**Data for analysis:**
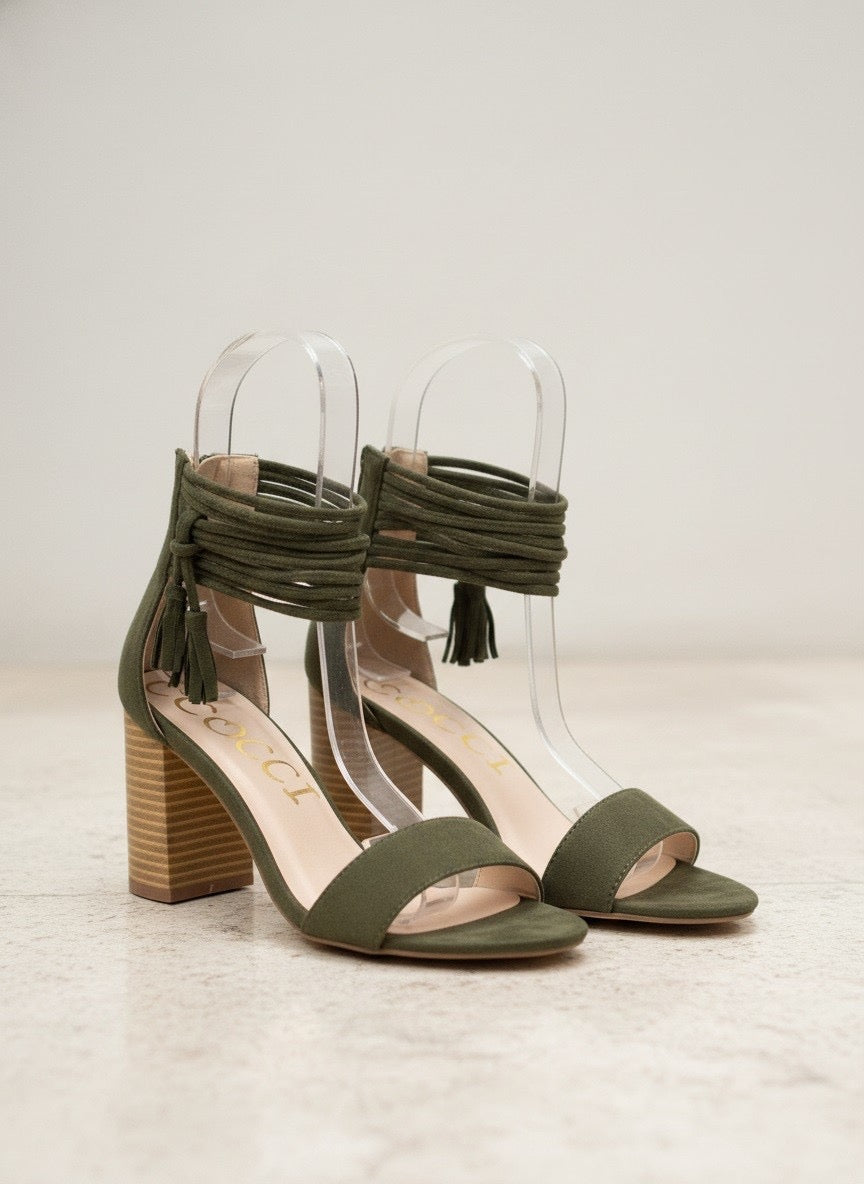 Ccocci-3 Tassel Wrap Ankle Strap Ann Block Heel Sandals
==
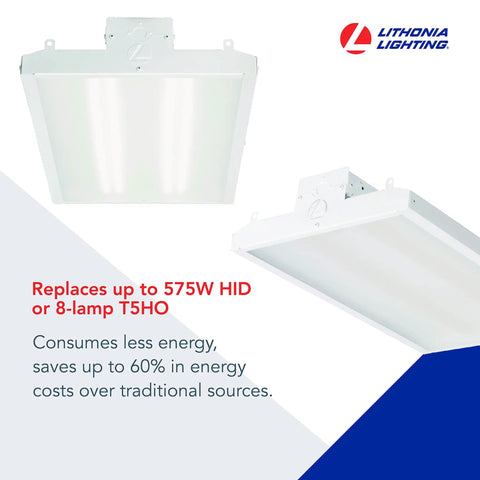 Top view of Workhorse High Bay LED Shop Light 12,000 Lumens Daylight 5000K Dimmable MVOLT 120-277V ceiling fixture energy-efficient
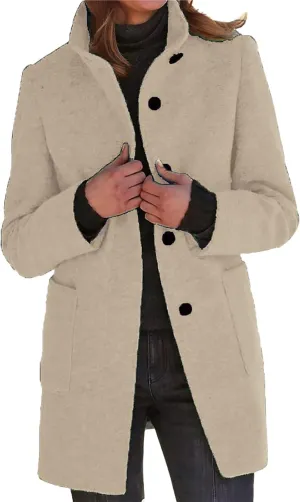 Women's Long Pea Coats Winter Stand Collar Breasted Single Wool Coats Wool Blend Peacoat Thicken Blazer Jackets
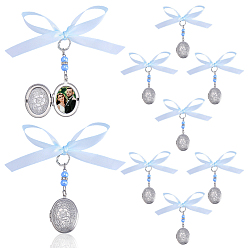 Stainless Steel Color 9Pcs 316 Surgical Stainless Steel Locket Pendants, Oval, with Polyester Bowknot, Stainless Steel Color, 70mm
---
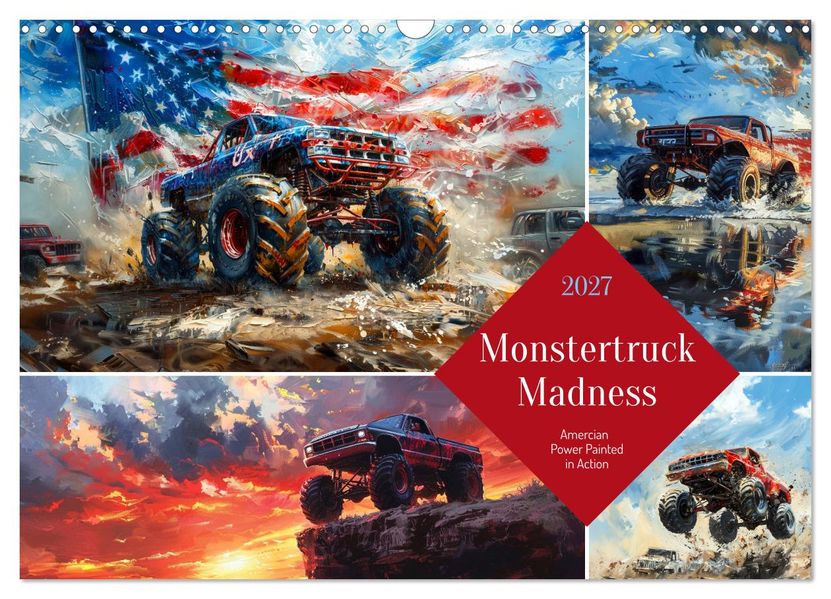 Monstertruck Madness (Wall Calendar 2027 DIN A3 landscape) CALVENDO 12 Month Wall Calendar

**Work order:** Return exactly the lines of the material above, starting at the line containing "Top view of" and finishing at the line containing "Stainless Steel Color 9Pcs", without any pictures.

**Answer below:**
 Top view of Workhorse High Bay LED Shop Light 12,000 Lumens Daylight 5000K Dimmable MVOLT 120-277V ceiling fixture energy-efficient
 Women's Long Pea Coats Winter Stand Collar Breasted Single Wool Coats Wool Blend Peacoat Thicken Blazer Jackets
 Stainless Steel Color 9Pcs 316 Surgical Stainless Steel Locket Pendants, Oval, with Polyester Bowknot, Stainless Steel Color, 70mm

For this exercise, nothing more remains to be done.